Com seis anos, aprendi a fazer rosas perfeitas e cravos que pareciam de verdade. Era uma ciência cortar o papel em forma de pétala, trabalhar as bordas e, com os polegares, esticar o papel no limite certo para que ficasse levemente côncava. Depois, juntar uma a uma na haste previamente envolvida em papel verde e amarrar com um arame finíssimo.
O Dia de Finados era quase uma festa para nós, crianças, que não tínhamos mortos próximos a lamentar. Os homenageados com as coroas eram dois avôs que não conhecemos e bisavós de cuja existência só sabíamos por aqueles túmulos identificados com uma foto desbotada. Morávamos a 200 metros de um cemitério dito de família, mas que era cedido para os vizinhos que ali desejassem enterrar seus mortos.
Esses vizinhos acendiam velas e traziam coroas de rosas de papel crepom. Foi assim que conhecemos a maravilha da parafina, que encorpava as flores e garantia maior durabilidade às coroas. Quando iam embora, os vizinhos pediam que acendêssemos as velas que o vento apagasse. Era uma responsabilidade com o mundo da vida eterna iluminar as almas que, pela nossa crença, viviam em outra dimensão.

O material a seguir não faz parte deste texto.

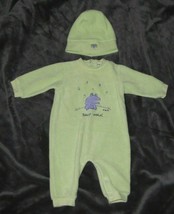 Carters Emu Namae Green Berber Sherpa Fleece Rainy Walk Frog Romper &amp; Ha... - $654.56 MXN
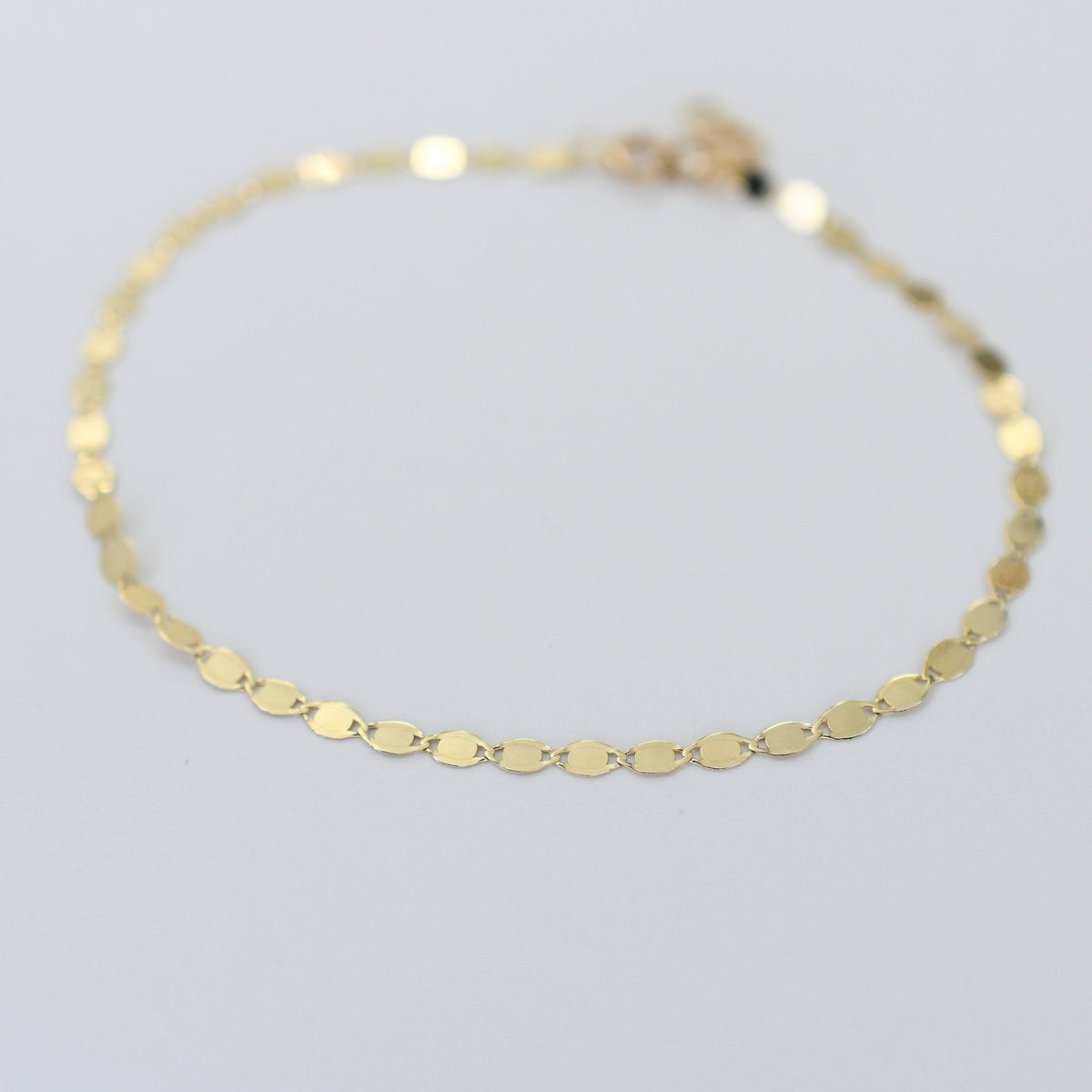 14K Solid Gold Sparkle Anklet – Dainty Gold Chain Anklet with Extension - Sash Jewelry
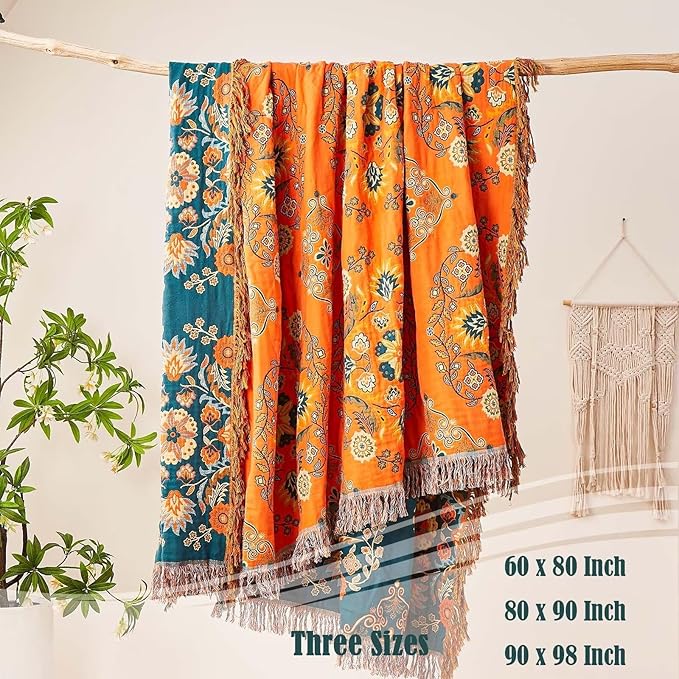 Boho Throw Blanket, 100% Cotton Ultra Soft Luxury Throw Rustic Quilt, 90"x98" Floral Printed Farmhouse Decor Bed Summer Blankets, All Season Rustic Reversible Bohemian Throw for Bed - Orange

A indústria do plástico acabou com as flores de papel crepom. Os cemitérios por onde passei neste fim de semana de pós Finados estão repletos de flores que não murcham nem se derretem com a chuva. Não sei se ainda acendem velas, nem se existe cruz mestra para homenagear os mortos enterrados em outros cemitérios. O Dia de Finados passou a ser apenas um dia de saudade.